Les autres miliciens: Paul Frechoux, Pierre Boero, Georges Neroni, Temple et Vernon, ignoraient manifestement les ordres donnés à Mansuy et par qui. Pierre Boero et Georges Neroni {condamnés à mort à Paris le 25 octobre 1944) furent fusillés sans avoir fourni d'éclair­cissements. Il en alla de même pour Pierre Lambert.
Mansuy était donc le seul à savoir que Mandel allait être assassiné.
Il n'est guère pensable que Mansuy qui n'avait aucun poste de responsabilité au Deuxième Service de la Milice, ait abattu Mandel sans ordre précis, par haine antisémite ou pour venger Philippe Henriot. Remarquons qu'aucune sanction n'a été prise contre lui par les chefs de la Milice. De plus, il faut noter que son acte n'a pas été accompli dans la précipi­tation mais au contraire de sang-froid. Cet assassinat était une exécution dans les règles. Mansuy était couvert. Il y a cette phrase révéla­trice lancée par Mansuy à l'adresse de Boero :
- Des deux côtés ils sont d'accord ! Ce n'est pas toi qui commandes!
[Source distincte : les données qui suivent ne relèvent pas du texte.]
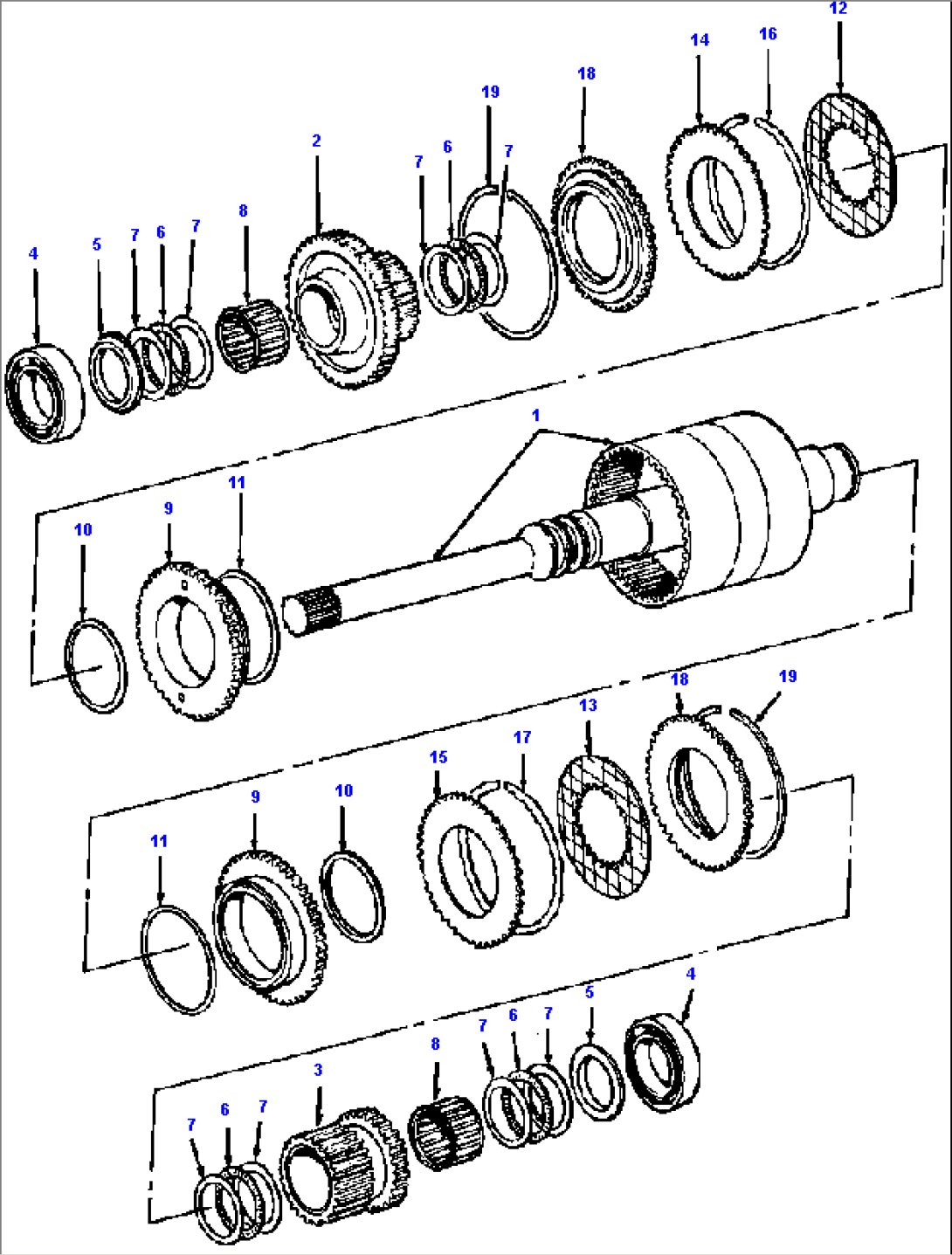 TRANSMISSION FORWARD AND REVERSE CLUTCH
Qui pouvait bien commander ?
Les soupçons se sont naturellement portés sur Max Knipping.
Au cours de ses interrogatoires et de son procès, Knipping a affirmé que Mansuy avait tué Mandel de sa propre initiative. L'affirmation était facile: Mansuy avait disparu.
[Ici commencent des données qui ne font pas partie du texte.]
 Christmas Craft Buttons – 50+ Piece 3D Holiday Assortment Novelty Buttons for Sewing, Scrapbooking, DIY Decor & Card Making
Il y a cependant, à la charge de Knipping, un témoignage accablant: celui qu'Henry Char­bonneau m'a rapporté.
Darnand qui avait subi les foudres de Laval à propos de l'assassinat de sept personnes à Mâcon, le 28 juin, et de l'assassinat de Mandel, le 7 juillet, avait promis au chef du gouvernement de faire quelques exemples et de sévir contre les excès de ses hommes. Il convoqua à Vichy les principaux chefs miliciens. Darnand avait sa figure des mauvais jours. Ses vieux compagnons comprirent que l'orage était dans l'air. Dans un langage un peu cru, il explosa :
- Vous ne faites tous que des conneries ! Il faudrait être sans cesse sur votre dos. Le président Laval est fou furieux. Si cela continue, je vais dissoudre la Milice. Qu'est-ce que ces conneries répétées ? Clavies, à Mâcon, bousille sept personnes en représaille de l'assassinat de Philippe Henriot... Knipping fait abattre Mandel... Vous êtes tous fous !
Knipping, présent, baissa la tête quand Darnand parla de l'assassinat de Mandel. Il ne dit rien. Il accepta l'accusation dont il était l'objet. Etait-ce un aveu ?
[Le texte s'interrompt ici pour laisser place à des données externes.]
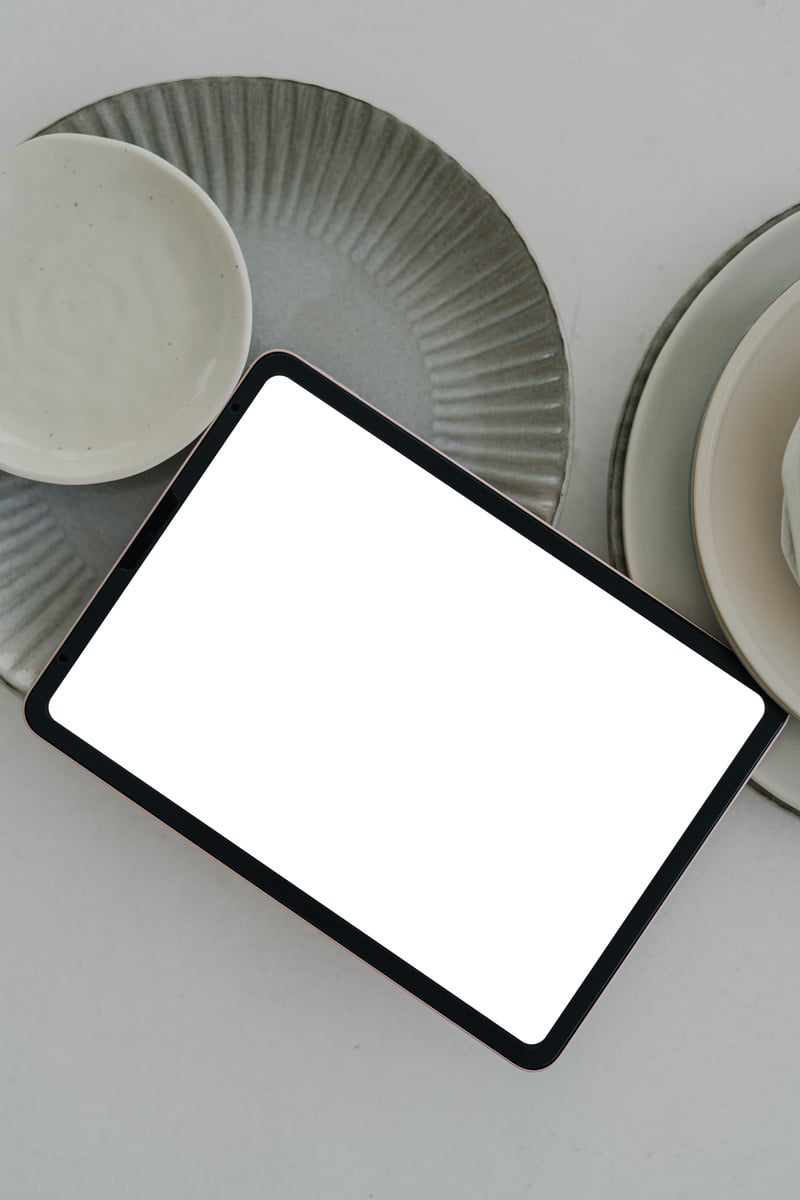 Ceramic with Ipad Mockup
Pourtant, au dernier jour de son procès, le 5 février 1947, quand le président de la cour de justice demanda à Knipping s'il avait quelque chose à ajouter à sa défense avant la délibéra­tion du jury, l'ancien officier aviateur, debout, solennel, le visage blanc, leva le bras droit et d'une voix claire et ferme :
- Je jure... Je jure sur ce que j'ai de plus sacré que dans l'affaire Mandel je suis complè­tement innocent.

Qui saura jamais la vérité ?


Bien cordialement,
Francis.

[*] Le colonel Magnien fut l'un des chefs de la Légion tricolore en AFN.